There are several things perhaps the authors can do to make this study more informative

  1. The authors say that
    There was a total of 2,948 COVID-19 admissions, of these, 267 (9%) patients had not been discharged, 15 (0.5%) left against medical advice, and four (0.1%) were transferred to another healthcare facility; these patients were excluded from analysis as we could not ascertain their outcome. In addition, there were 121 (4.1%) readmissions, which were also excluded
    Thus there was complete ascertainment of in-hospital outcome in all patients, so the time-to-event analysis should have been a logistic regression analysis since time to the outcome is just a proxy for severity and death.
  2. Percent O2 saturation, admission to ICU and ventilator use are all proxies for the outcome as presumably most deaths will be of those with more severe disease needing ICU care and/or ventilation. Why would one adjust for these? Better to create a proxy for ventilation or ICU admission or death and use that as the outcome.
  3. Patients selected into the analysis need to be those treated for at least X days before the outcome (I leave X for the authors to justify).
  4. Adjustments for important confounders need to be robust e.g. older age is the most important risk factor for severity and from table 1 were less likely to receive the intervention so the age grouping is inadequate

Perhaps if the authors are reading this they can run the appropriate logistic regression model according to 1-4 and advise what are the results?

I am joining this conversation very late. Last July (July 19, 2020 to be exact), I sent Dr. Zervos, the corresponding author for this paper, a six page “technical review” of the paper, explaining that I did not believe it had been properly peer-reviewed and noting that the journal did not accept correspondence. I probably should have posted my review somewhere like here.

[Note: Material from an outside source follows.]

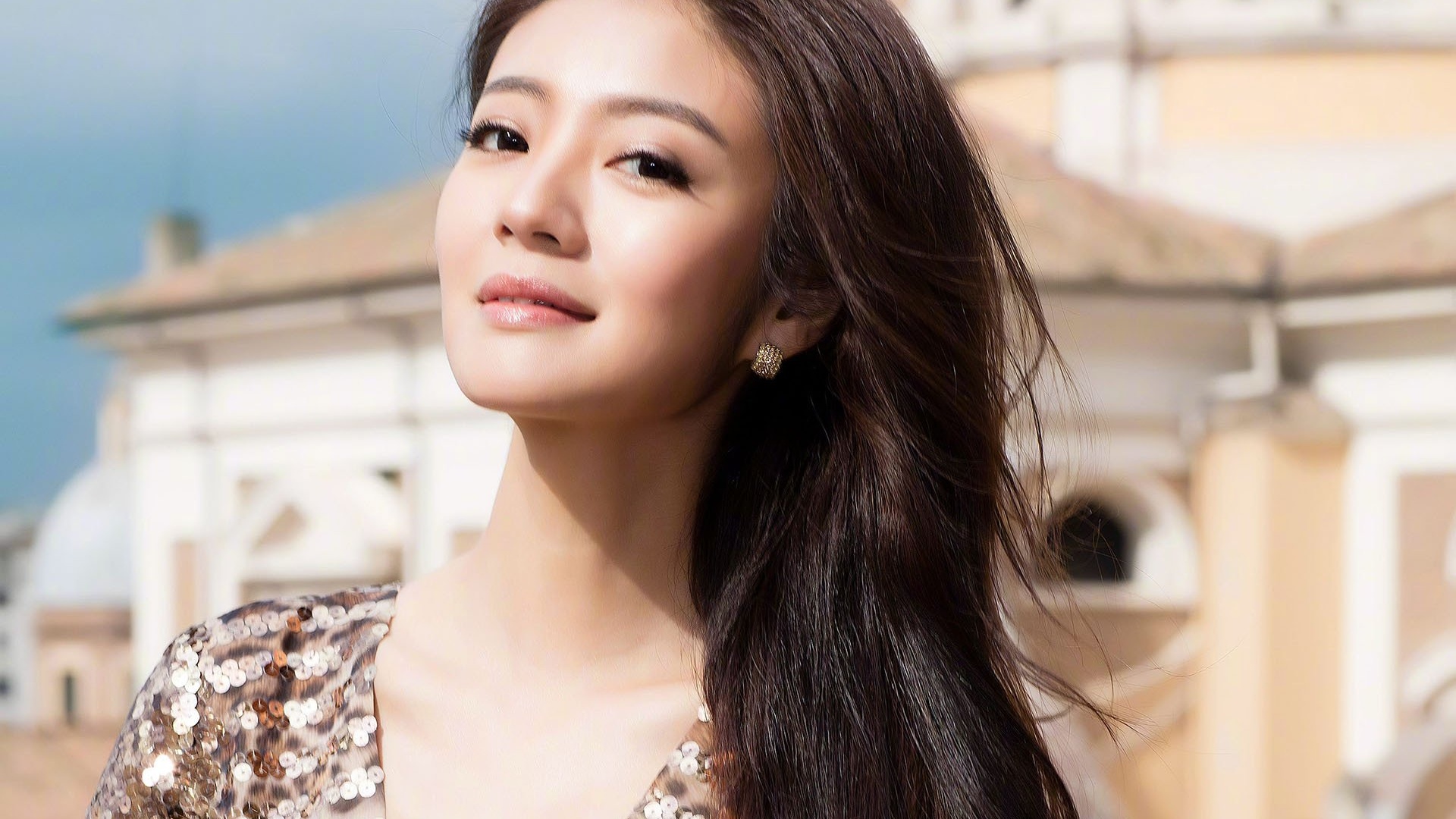 下载高清原图安装元气桌面,海量壁纸一键设置尺寸:1920x1080体积:0.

Other commentators about the paper have raised the points made in my review (and some new ones) with one exception. The issue is the problem of dealing with patients admitted with a “do not resuscitate” or “do not ventilate.” Here is what was in my (unsolicited) review.

It is not clear whether patients with a DNR advance directive or a do not ventilate advance directive at admission could have been admitted to the hospital and included in the analysis. If so, the publication should have stated how many patients had a DNR advance directive or a do not ventilate advance directive. If such patients were admitted, the publication should have described the approach to treatment (ICU admission, ventilation, HCQ, AZM, steroids) for these patients.

The clinical approach to the handling of DNR and do not ventilate advance directives and their effect on decision to give HCQ, AZM, and/or steroids and to admit to the ICU and ventilate has a potentially important effect on the results of the analysis.

A better model would not eliminate bias due to this unmeasured(or ignored) variable.

1 Like

Excellent points. Feel free to post your entire review here if you want.